Discussion in 'The Hokey Ass Message Board' started by retromotors, Jul 24, 2011.

  1. retromotors
    Joined: Dec 10, 2008
    Posts: 1,045

    retromotors
    Member

    I got a chuckle out of this.

    Was just fiddlin' around on the web
    and found some truly astonishing information regarding a 1950 Chevy 3600 truck, and in particular it's kickass 216 babbit-pounder engine!
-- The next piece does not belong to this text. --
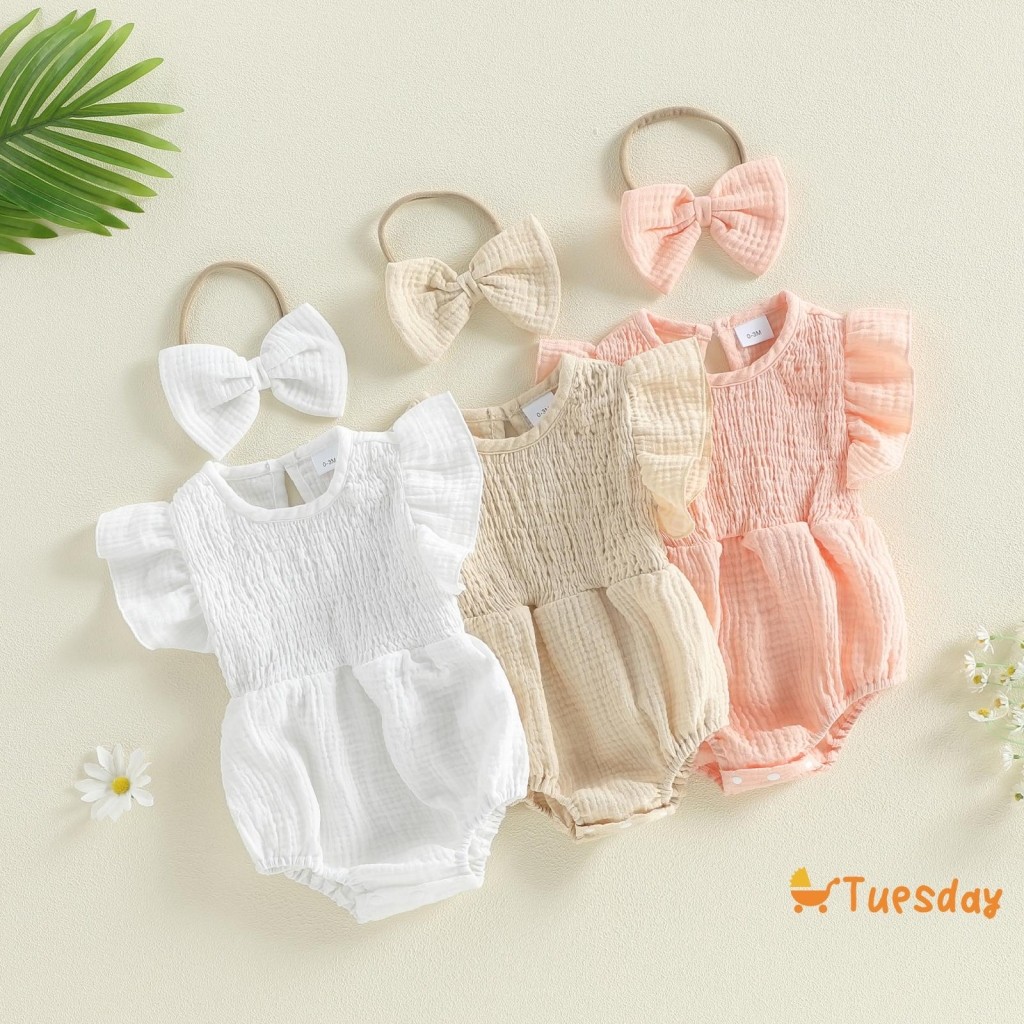 Roupa De Verão Para Bebês Meninas , Cor Sólida , Manga Esvoaçante , Gola Redonda , Macacão , Faixa De Cabeça , Conjunto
    Gotta be true ... it was on the Internet, right?:rolleyes:
    Particularly when the site's motto is "Trusted advice for the curious life".

    Here are the specs.
    I've highlighted some, umm, let's say "interesting" data:

    The 1950 Chevrolet 3600 was a truck produced by the Chevy division of General Motors. Chevy engineers improved upon the body design of first-generation models by increasing the 3600's wheelbase several inches and made the pickup's flatbed longer by adding running boards. The Chevy 3600 brought innovation as well as top specifications for drivers wanting a heavy-duty pickup.

    History


    • The 1950 Chevrolet 3600 comfortably seats six adults and featured an improved Rochester B carburetor that helped make the 1950's Chevy models number one in sales, according to OldRide.com. The 3600 weighs between 5,200 and 5,800 pounds.
    Engine and Transmission


    • The Chevy 3600 utilizes a 216.5-cubic inch, six-cylinder engine that delivers 92 horsepower. The stroke measures 3-15/16 inches, and the bore is 4 inches. The engine's diameter is 430 inches, and the vehicle delivers 465 foot-pounds of torque at 2,200 revolutions per minute. The 3600 features a four-speed transmission directly behind the motor.
    Chassis


    • The 1950 Chevrolet 3600 has a common front engine-wheel layout, with the engine fitted in a skewed position vertical in length with the pickup. The Chevy 3600 sits on a rock-hard steel frame and has four-wheel drive. The truck has front suspension that is similar to later 1955 Chevy models.
    Exterior and Interior


    • The 1950 Chevrolet 3600 measures 206.3 inches in length and has a wheelbase of 125.25 inches. The truck was available with genuine leather seat trim in the interior. Exterior features included a chrome radiator grille, long running boards and rear fenders, as well as dual tail and stop lamps and various tire size options. In addition, 3600 Chevrolet pickups came standard with accessories, including a rod-type radio antenna, outside air heater-defroster and under-hood lamp.
    Cost and Performance


    • The 1950 Chevrolet 3600 can go from 0 to 60 mph in seven seconds. The pickup runs on regular unleaded gasoline. During its era, the 1950 Chevrolet 3600 sold for between $1,050 and $1,425. The cost range depended on the optional accessories that customers could request for the 3600 Chevrolet truck.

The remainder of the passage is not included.